Le forze di polizia italiana hanno partecipato oggi, attraverso il Vice Direttore Generale della Pubblica Sicurezza, Prefetto Vittorio Rizzi, all’ottavo meeting del Joint Parliamentary Scrutiny Group on Europol (JPSG), Organismo costituito da Parlamentari europei e Parlamentari dei Paesi membri dell’UE, chiamato a supervisionare l’operato dell’Agenzia Europol.

La sessione di lavori a cui il Prefetto Rizzi ha partecipato è stata quella dedicata all’impatto del Covid 19 sulla sicurezza, per l’esistenza in Italia di un Organismo di monitoraggio e analisi dedicato ai pericoli di infiltrazione delle mafie nell’economia legale, voluto dal Ministro dell’Interno e dal Capo della Polizia immediatamente dopo lo scoppio della pandemia. Una cabina di regia che, grazie all’adesione convinta di Europol all’invito italiano, è diventata anche un tavolo di lavoro internazionale esteso a 9 Paesi europei e ad Interpol.

Dopo la panoramica del Direttore esecutivo di Europol, Catherine De Bolle, sulle attività dell’Agenzia in tempo di pandemia, che ha prodotto 31 report strategici sugli scenari criminali dell’ultimo anno, il Prefetto Rizzi si è soffermato sulla risposta delle forze di polizia italiane, con il rapido adattamento dei modelli organizzativi e l’attenzione sui nuovi fenomeni criminali.

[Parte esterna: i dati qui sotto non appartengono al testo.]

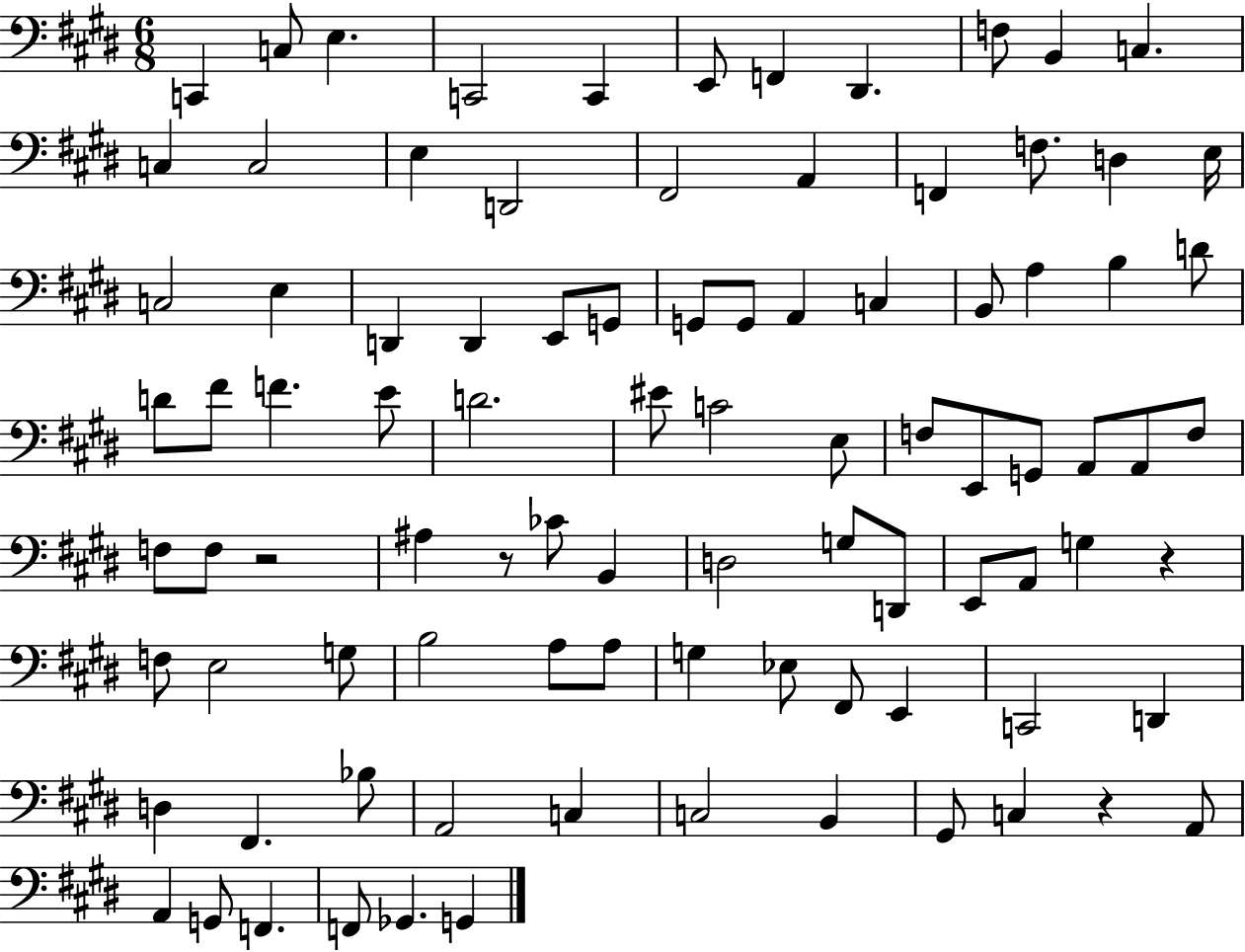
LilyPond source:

{
  \clef bass
  \numericTimeSignature
  \time 6/8
  \key e \major
  \repeat volta 2 { c,4 c8 e4. | c,2 c,4 | e,8 f,4 dis,4. | f8 b,4 c4. | \break c4 c2 | e4 d,2 | fis,2 a,4 | f,4 f8. d4 e16 | \break c2 e4 | d,4 d,4 e,8 g,8 | g,8 g,8 a,4 c4 | b,8 a4 b4 d'8 | \break d'8 fis'8 f'4. e'8 | d'2. | eis'8 c'2 e8 | f8 e,8 g,8 a,8 a,8 f8 | \break f8 f8 r2 | ais4 r8 ces'8 b,4 | d2 g8 d,8 | e,8 a,8 g4 r4 | \break f8 e2 g8 | b2 a8 a8 | g4 ees8 fis,8 e,4 | c,2 d,4 | \break d4 fis,4. bes8 | a,2 c4 | c2 b,4 | gis,8 c4 r4 a,8 | \break a,4 g,8 f,4. | f,8 ges,4. g,4 | } \bar "|."
}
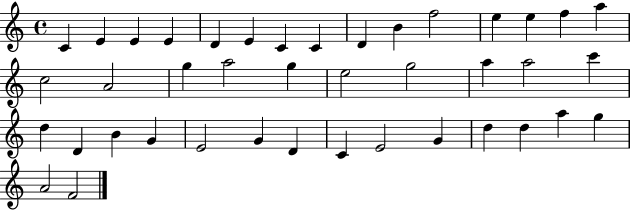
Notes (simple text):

C4/q E4/q E4/q E4/q D4/q E4/q C4/q C4/q D4/q B4/q F5/h E5/q E5/q F5/q A5/q C5/h A4/h G5/q A5/h G5/q E5/h G5/h A5/q A5/h C6/q D5/q D4/q B4/q G4/q E4/h G4/q D4/q C4/q E4/h G4/q D5/q D5/q A5/q G5/q A4/h F4/h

A fronte di una riduzione generalizzata dei reati (eccezion fatta del cyber crime) durante la pandemia, le forze di polizia non hanno abbassato la guardia: citando la poetessa statunitense Amanda Gorman è stato, infatti, sottolineato che non sempre la quiete significa pace e tranquillità.

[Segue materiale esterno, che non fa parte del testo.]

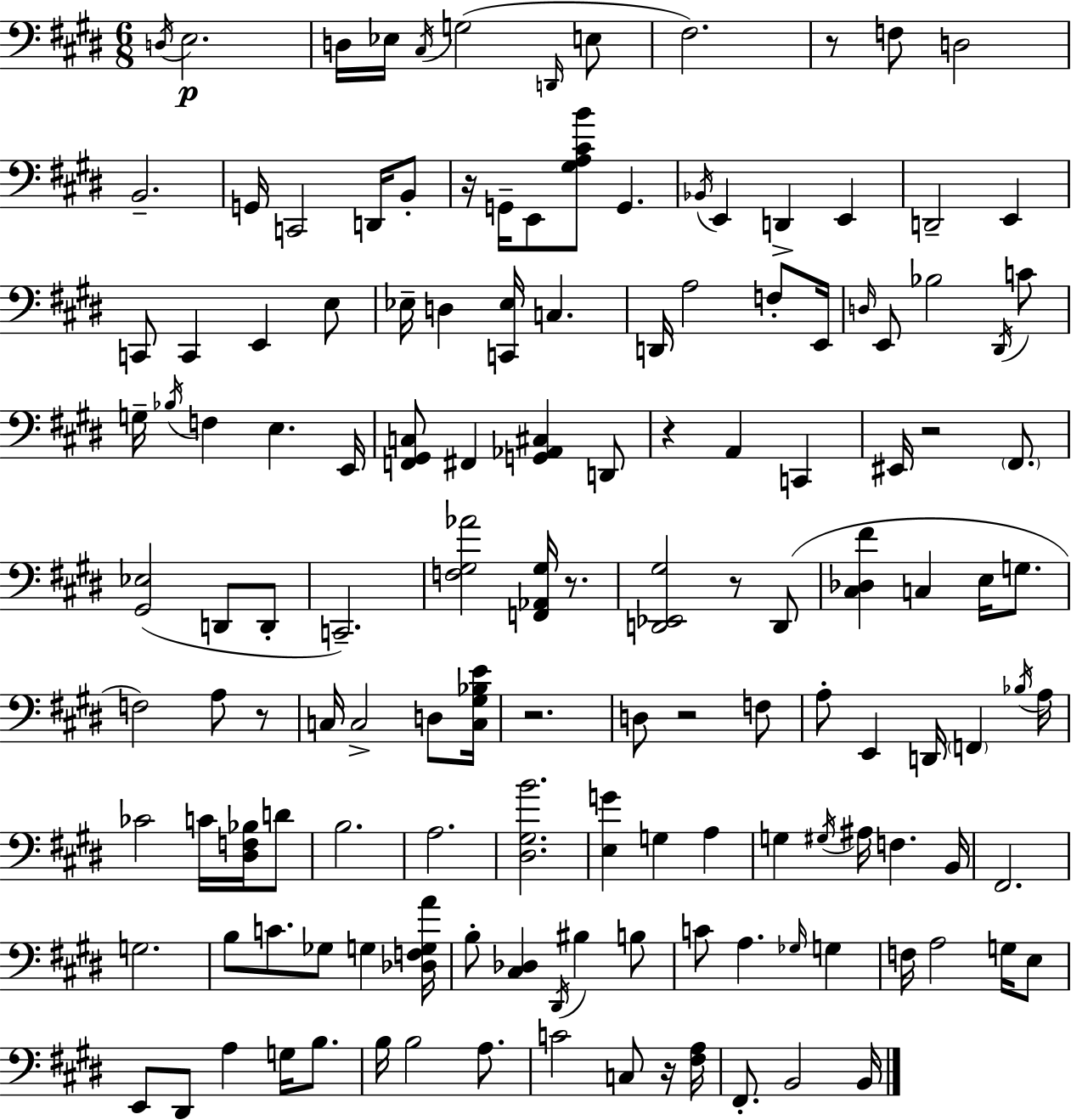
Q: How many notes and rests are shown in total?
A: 141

Si profilano nuove minacce criminali che si nascondono spesso dietro a sofisticate operazioni finanziarie, che utilizzano strumenti leciti ma che hanno l’obiettivo di strozzare l’economia e riciclare le enormi risorse provenienti da attività criminali.

I Parlamentari europei e nazionali hanno apprezzato l’approccio internazionale dell’azione delle forze di polizia, nella comune convinzione che la minaccia vada combattuta attraverso lo scambio di informazioni e l’investimento tecnologico: solo l’innovazione può, infatti, consentire di processare i cosiddetti big data per arrivare a modelli predittivi che consentano di arrivare prima che i pericoli criminali potenziali diventino reali.